Las mitras relucientes de perlas, los vestidos suntuosos, las coronas, las cuentas bancarias con varios ceros, las inteligencias que no han servido para el bien: todo esto hirió a Cristo. También nosotros fuimos vistos ciertamente por Cristo. Ahí estaba su palabra: “Padre, te doy gracias porque has revelado los secretos de tu reino a los sencillos” (Mt 11,25-27). Mirad, nosotros somos los sencillos, somos los que en aquellos momentos, días, semanas tremendas de Cristo, con nuestros pecados confesados, dimos un poco de alegría a Jesús.

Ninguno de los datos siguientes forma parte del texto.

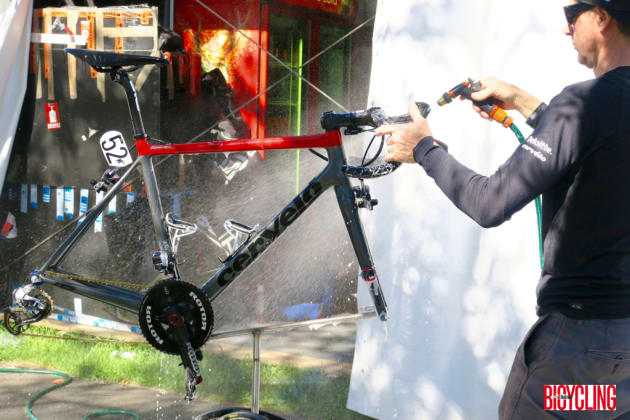 A team mechanic rinses off this Cervelo at the tour village after a day's racing. Image: Nat Bromhead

Jesús sufría y lloraba porque vio una multitud de traidores que seguían a Judas, pero al mismo tiempo se alegraba al ver también otra multitud de amigos que seguían a los apóstoles. En esta larga hilera de amigos la Virgen también señaló nuestras fisonomías: mirad, están Francisco, María, Nicolás. Jesús en aquél momento se sintió consolado. Amigos míos, no os estoy contando fábulas, ésta es la verdad y la encontraréis confirmada en el Evangelio; no os he dicho nada diferente ni de más que lo que está contenido en el mismo Evangelio o de lo que está contenido en las cartas de Dios.
Entonces, si fuimos motivo de consolación para Jesús durante su cuaresma en el desierto, continuemos siéndolo durante nuestra cuaresma. Jesús continúa sintiéndose solo, traicionado y abandonado, tiene necesidad de almas, tiene sed de almas. Entonces, sobre todo en este período, demos de beber a Jesús. Cuando, cansado, fatigado y sediento, en el pozo de Siquem, pidió a la samaritana “Dame de beber”, ella le respondió: “Tú que eres judío ¿me pides a mí, samaritana, de beber? Pero Él le aclaró: “No quiero el agua de la fuente, quiero tu alma” (Jn 4, 4-26). Eh ahí porque debemos dar nuestra alma al Señor, un alma vital, un alma en gracia, que vive, palpita y se alimenta cotidianamente de la Eucaristía. Ésta es la cuaresma, éste es el programa de nuestra cuaresma y es el modo en el que tenemos que vivirla de modo absoluto. Entonces, también para nosotros resonarán las palabras de Jesús: “El tiempo se ha cumplido”; todo lo que había que hacer estaba hecho. Esto significa que ha llegado el tiempo predicho por los profetas, el Mesías está operativo y comienza a manifestarse; el reino de Dios está cerca. No deis a esta expresión una connotación técnica material, dadle una connotación espiritual. “El reino de Dios está cerca” significa que Dios nos ha dado todo lo necesario para nuestro crecimiento espiritual. Los sacramentos, la palabra de Dios, la presencia de Dios, la ayuda de Dios están a nuestro alcance, depende de nosotros aprovecharlos. Hay que cambiar el modo de vivir y de razonar. Éste es el significado de convertirse, porque solamente cuando cambiamos nuestro modo de razonar podemos aceptar de manera íntegra y total el Evangelio. Si en nosotros no está Cristo, no podremos aceptar el Evangelio; si en nosotros está Cristo, podremos vivir el Evangelio.
La Virgen, Madre de la Eucaristía, estuvo junto a su hijo y estará siempre cerca de cada uno de nosotros. Lo ha dicho, lo ha prometido y lo hará, si se lo permitimos, empezando desde este instante en el que, cerca del Obispo, lo asiste, para hacer comprender a sus hermanos en qué consiste la estancia de Cristo en el desierto de Israel. Del desierto vendrá la vida, el desierto florecerá; este desierto florecerá por la sangre de algunos de nosotros, por las lágrimas de muchos de nosotros, por las oraciones de todos nosotros, por el amor que cada uno de nosotros tendrá y deberá demostrar cada instante, cada segundo de su vida.
Esto es vivir la cuaresma, esto es llegar a vivir la Pascua, a gloria de Dios, por el renacimiento de la Iglesia, por la salvación de las almas.